═══ Data to examine ═══
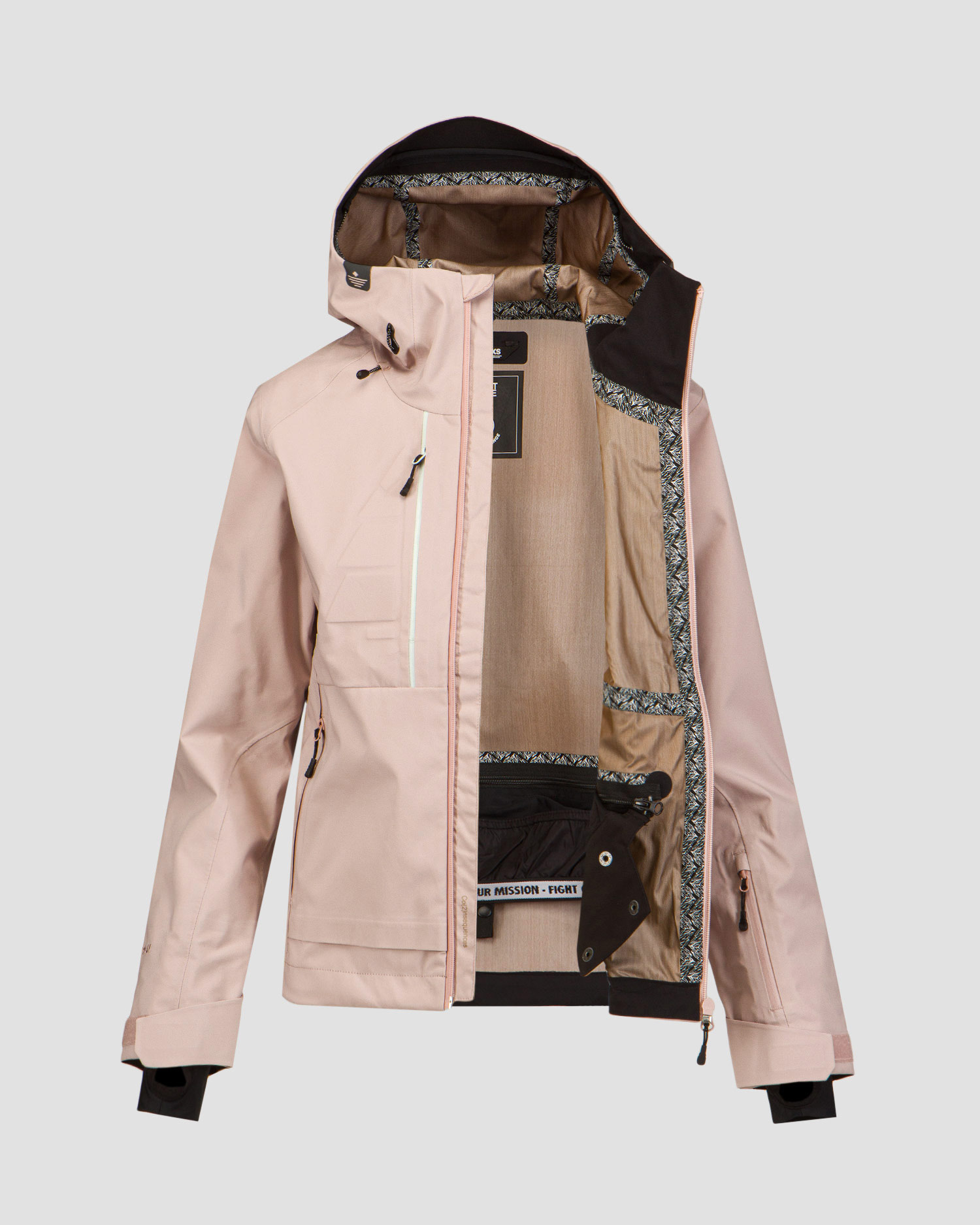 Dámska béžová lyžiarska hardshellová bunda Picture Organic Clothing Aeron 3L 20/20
═══
═══ Data to examine ═══
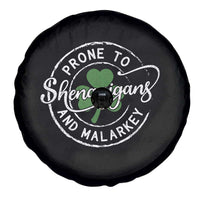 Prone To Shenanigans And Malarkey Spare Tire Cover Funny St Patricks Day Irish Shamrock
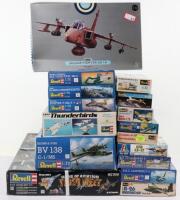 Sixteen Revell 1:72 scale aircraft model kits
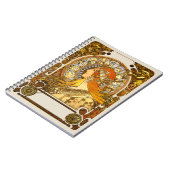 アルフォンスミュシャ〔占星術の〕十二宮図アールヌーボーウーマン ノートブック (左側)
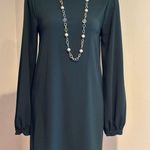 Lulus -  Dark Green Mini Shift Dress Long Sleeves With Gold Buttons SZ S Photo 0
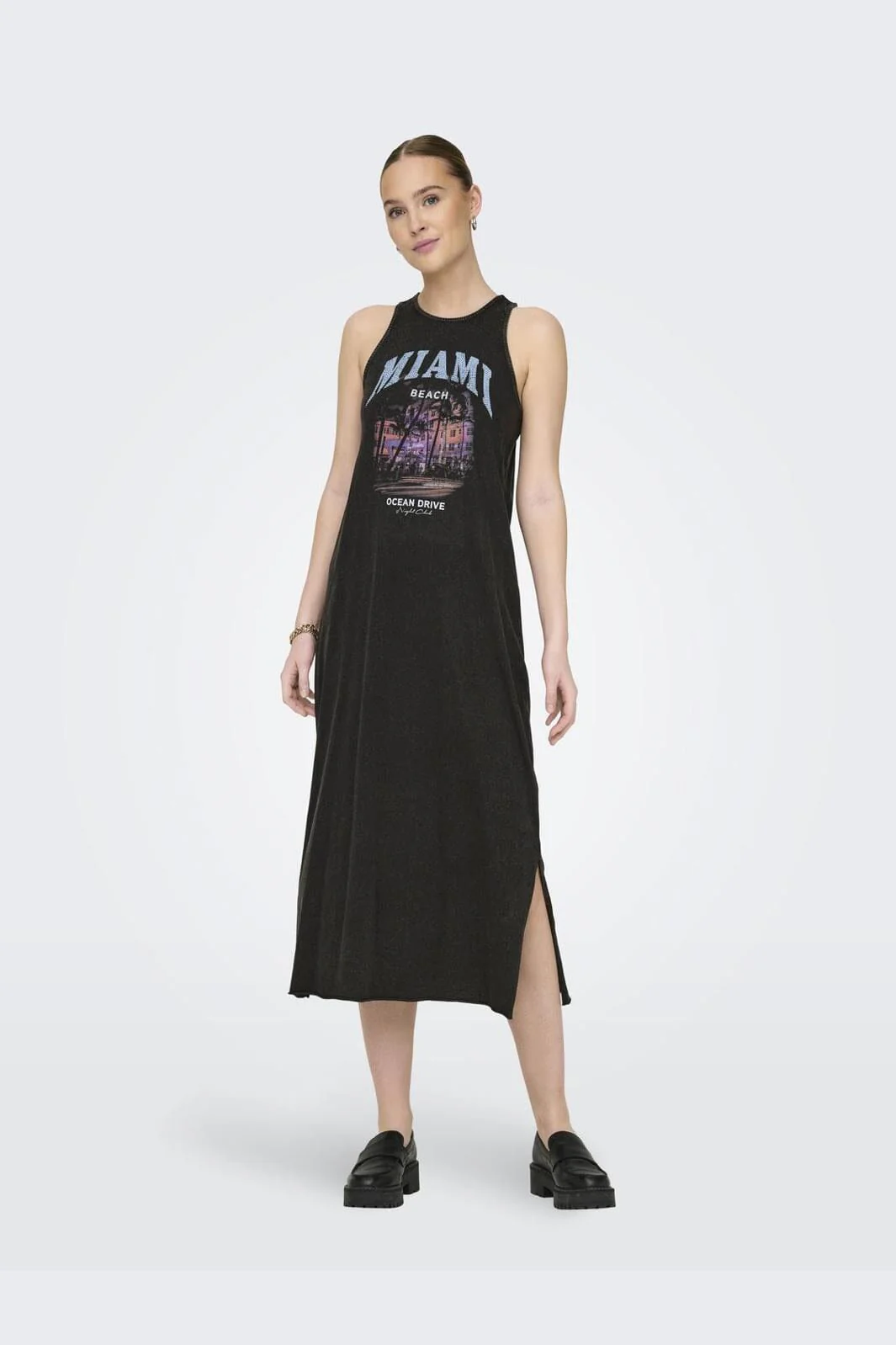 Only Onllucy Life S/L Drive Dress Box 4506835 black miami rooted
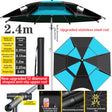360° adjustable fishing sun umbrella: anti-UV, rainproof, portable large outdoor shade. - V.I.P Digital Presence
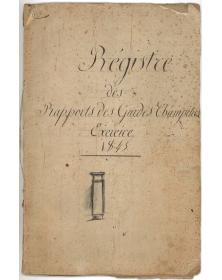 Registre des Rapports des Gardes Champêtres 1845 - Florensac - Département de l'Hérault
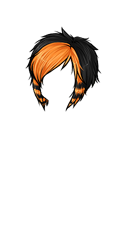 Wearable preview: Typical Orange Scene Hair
═══
═══ Data to examine ═══
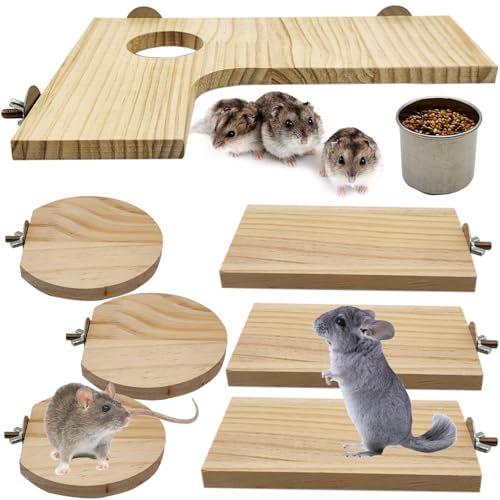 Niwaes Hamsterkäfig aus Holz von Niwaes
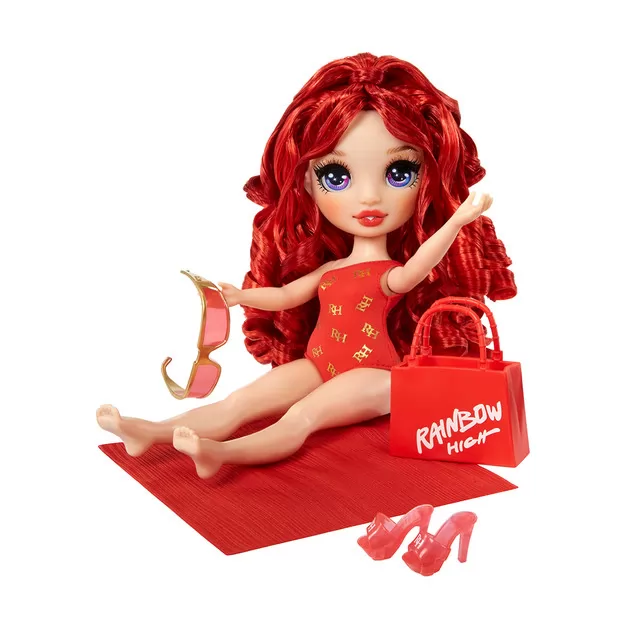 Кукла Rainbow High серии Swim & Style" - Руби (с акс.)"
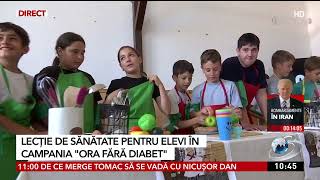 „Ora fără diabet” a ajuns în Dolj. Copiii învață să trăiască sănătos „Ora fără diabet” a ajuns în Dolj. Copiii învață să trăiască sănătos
═══
_Exercise brief_:
Among the entries above, take the lines from the one with "360° adjustable fishing" through the one with "Wearable preview: Typical Orange Scene Hair" and retype them exactly, leaving out the pictures.

_Exercise response_:
360° adjustable fishing sun umbrella: anti-UV, rainproof, portable large outdoor shade. - V.I.P Digital Presence
 Registre des Rapports des Gardes Champêtres 1845 - Florensac - Département de l'Hérault
 Wearable preview: Typical Orange Scene Hair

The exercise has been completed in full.